**Material for this task**

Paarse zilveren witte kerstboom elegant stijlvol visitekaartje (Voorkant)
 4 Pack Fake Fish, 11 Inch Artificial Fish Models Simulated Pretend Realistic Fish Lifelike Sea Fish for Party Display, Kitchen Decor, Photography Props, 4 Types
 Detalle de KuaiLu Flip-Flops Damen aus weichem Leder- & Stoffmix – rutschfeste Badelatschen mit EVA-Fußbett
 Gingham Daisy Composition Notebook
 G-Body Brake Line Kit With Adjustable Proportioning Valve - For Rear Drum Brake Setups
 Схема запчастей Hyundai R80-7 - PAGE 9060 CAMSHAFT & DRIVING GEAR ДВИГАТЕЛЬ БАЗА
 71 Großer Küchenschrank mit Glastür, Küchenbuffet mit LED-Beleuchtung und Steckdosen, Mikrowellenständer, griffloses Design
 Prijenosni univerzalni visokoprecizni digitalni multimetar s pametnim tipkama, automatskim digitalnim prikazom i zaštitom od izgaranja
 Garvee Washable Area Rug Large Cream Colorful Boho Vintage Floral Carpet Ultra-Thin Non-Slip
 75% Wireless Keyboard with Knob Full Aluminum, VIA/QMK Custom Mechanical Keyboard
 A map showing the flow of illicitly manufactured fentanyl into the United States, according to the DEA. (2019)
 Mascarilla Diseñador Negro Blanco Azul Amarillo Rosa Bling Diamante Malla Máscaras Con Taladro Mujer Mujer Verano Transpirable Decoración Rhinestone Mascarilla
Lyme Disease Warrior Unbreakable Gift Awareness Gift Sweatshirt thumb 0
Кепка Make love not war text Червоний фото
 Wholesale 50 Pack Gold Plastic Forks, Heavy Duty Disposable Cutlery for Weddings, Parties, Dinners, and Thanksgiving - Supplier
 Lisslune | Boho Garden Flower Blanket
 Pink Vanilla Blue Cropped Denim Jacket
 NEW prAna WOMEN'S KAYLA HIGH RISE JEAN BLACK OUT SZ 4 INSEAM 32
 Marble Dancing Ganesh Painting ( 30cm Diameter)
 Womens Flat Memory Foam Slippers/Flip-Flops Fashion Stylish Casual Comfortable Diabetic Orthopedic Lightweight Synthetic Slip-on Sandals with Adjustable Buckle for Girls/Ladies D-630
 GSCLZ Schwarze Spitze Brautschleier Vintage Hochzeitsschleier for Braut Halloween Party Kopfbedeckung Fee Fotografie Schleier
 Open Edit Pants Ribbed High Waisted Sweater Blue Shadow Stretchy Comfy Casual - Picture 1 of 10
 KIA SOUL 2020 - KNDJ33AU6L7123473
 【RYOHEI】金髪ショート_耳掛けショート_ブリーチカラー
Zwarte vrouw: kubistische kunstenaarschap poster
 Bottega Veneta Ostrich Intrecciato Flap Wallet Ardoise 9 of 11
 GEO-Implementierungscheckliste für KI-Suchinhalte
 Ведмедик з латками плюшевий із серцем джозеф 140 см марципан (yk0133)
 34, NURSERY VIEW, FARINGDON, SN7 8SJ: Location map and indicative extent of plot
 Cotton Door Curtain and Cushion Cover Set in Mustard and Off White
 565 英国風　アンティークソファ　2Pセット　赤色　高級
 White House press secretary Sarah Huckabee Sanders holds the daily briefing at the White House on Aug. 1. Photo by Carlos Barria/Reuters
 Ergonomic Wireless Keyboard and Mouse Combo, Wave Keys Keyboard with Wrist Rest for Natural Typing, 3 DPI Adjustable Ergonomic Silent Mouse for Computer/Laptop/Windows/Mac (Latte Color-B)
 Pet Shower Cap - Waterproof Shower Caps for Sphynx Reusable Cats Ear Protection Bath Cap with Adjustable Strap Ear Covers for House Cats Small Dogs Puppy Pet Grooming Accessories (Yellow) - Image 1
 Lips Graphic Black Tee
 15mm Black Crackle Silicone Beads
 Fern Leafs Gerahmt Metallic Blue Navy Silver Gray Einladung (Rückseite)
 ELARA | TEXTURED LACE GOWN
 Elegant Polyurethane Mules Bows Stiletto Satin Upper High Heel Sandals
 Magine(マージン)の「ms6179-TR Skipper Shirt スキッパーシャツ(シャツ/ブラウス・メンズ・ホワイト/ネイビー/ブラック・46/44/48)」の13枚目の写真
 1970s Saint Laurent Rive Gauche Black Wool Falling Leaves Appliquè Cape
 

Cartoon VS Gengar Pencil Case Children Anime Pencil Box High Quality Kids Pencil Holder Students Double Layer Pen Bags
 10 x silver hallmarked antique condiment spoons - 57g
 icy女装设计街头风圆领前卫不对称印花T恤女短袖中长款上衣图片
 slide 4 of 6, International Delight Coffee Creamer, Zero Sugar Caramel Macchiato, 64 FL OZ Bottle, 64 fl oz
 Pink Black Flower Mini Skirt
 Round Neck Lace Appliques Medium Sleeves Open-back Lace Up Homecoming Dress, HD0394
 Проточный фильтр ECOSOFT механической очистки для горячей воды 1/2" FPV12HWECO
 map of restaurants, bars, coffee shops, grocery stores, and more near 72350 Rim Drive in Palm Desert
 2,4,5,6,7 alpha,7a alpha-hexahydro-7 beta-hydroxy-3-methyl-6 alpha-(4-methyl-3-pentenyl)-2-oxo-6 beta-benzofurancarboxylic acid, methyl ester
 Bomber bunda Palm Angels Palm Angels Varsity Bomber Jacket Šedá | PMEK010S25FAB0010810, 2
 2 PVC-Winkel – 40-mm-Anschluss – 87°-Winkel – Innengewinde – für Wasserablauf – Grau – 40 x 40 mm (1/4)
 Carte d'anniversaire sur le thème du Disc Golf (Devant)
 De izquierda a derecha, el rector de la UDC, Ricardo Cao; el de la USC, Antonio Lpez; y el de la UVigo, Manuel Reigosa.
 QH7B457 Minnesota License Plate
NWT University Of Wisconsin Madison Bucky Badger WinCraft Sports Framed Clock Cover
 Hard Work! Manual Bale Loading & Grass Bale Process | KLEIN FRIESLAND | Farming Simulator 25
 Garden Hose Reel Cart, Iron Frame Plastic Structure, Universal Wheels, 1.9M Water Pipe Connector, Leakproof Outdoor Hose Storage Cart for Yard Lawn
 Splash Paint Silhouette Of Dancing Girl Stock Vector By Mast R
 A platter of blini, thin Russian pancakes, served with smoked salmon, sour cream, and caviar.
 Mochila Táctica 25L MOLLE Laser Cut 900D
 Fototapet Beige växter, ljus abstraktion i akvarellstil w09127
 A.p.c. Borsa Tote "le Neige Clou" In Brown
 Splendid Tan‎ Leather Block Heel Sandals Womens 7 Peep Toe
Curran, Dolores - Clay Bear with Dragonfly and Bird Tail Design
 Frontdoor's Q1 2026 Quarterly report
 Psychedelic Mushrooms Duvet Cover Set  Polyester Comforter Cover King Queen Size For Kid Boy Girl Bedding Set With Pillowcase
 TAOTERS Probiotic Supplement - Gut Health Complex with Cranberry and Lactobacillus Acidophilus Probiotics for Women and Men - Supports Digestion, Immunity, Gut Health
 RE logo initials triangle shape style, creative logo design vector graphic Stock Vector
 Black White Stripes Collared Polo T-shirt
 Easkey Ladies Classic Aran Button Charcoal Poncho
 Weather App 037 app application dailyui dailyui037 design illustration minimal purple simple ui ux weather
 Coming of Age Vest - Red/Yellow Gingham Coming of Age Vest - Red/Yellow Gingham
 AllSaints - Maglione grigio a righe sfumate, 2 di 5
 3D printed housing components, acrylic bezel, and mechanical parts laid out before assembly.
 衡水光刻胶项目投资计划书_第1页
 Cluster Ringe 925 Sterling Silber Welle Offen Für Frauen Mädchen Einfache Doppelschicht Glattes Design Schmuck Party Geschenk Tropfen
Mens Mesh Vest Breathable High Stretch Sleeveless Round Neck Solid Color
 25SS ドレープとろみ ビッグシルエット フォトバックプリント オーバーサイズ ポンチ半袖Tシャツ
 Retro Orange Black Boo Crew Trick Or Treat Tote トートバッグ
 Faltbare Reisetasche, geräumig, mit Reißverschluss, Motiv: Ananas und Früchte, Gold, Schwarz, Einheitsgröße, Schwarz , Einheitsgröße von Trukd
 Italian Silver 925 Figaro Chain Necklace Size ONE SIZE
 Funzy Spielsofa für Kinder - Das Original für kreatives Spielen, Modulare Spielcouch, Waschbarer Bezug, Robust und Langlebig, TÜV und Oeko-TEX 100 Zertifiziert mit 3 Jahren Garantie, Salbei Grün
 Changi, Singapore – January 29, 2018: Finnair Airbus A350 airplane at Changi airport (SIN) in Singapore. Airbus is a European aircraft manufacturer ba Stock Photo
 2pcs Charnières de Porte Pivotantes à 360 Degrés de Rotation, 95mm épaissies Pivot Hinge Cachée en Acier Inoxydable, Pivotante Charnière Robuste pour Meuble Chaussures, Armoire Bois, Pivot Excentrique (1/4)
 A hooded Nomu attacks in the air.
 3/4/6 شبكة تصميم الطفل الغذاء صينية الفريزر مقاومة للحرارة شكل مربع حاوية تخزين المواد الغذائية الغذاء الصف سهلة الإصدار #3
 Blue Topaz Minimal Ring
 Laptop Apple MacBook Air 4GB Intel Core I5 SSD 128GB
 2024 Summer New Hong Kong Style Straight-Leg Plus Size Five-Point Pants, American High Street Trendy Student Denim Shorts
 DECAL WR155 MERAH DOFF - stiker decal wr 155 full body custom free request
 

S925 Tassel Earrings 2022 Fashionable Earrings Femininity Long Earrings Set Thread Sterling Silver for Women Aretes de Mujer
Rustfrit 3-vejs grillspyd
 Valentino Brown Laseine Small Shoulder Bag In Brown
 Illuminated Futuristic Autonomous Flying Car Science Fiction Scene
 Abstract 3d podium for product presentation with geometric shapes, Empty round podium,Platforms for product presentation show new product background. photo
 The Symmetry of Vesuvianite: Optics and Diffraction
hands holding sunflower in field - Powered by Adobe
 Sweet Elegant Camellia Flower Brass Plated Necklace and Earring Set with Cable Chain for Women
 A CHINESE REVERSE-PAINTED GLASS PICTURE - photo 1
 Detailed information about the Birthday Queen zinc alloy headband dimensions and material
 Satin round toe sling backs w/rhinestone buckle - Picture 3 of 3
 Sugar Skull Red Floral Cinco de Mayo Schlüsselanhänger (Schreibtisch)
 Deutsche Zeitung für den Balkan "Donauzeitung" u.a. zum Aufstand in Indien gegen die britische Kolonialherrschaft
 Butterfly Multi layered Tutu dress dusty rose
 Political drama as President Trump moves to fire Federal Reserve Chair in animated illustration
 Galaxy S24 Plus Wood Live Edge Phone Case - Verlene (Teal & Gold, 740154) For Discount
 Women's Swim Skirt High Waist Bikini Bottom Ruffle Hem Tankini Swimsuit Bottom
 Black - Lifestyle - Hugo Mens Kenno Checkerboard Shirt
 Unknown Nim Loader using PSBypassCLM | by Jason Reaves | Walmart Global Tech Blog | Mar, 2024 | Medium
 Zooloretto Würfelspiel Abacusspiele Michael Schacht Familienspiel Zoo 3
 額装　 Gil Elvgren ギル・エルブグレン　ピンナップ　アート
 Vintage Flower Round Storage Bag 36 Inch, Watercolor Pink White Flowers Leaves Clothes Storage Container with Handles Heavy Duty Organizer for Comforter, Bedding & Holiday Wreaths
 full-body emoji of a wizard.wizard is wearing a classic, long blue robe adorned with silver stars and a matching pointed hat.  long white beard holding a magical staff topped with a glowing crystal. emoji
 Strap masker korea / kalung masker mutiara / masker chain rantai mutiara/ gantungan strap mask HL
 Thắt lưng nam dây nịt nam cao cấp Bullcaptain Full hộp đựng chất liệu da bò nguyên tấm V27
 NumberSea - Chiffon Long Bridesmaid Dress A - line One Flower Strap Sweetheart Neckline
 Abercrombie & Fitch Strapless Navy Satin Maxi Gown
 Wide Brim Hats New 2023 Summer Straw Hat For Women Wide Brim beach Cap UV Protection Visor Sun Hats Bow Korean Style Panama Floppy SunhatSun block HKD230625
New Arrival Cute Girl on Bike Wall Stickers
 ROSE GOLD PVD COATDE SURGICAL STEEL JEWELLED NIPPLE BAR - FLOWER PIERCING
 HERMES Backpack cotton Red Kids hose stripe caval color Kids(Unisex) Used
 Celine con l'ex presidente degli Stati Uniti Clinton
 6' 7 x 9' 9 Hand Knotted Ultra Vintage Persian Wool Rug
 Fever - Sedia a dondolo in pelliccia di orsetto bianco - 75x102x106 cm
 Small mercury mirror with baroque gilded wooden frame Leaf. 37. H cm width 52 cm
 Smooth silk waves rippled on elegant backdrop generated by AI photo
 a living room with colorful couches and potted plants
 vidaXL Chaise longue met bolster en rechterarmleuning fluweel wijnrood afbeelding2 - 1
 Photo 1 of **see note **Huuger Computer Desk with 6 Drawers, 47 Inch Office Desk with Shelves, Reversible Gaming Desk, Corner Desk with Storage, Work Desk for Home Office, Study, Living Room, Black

**What you are asked to do**
Copy out the lines of the data where the word "Stock" can be found.

**The answer**
 Splash Paint Silhouette Of Dancing Girl Stock Vector By Mast R
 RE logo initials triangle shape style, creative logo design vector graphic Stock Vector
 Changi, Singapore – January 29, 2018: Finnair Airbus A350 airplane at Changi airport (SIN) in Singapore. Airbus is a European aircraft manufacturer ba Stock Photo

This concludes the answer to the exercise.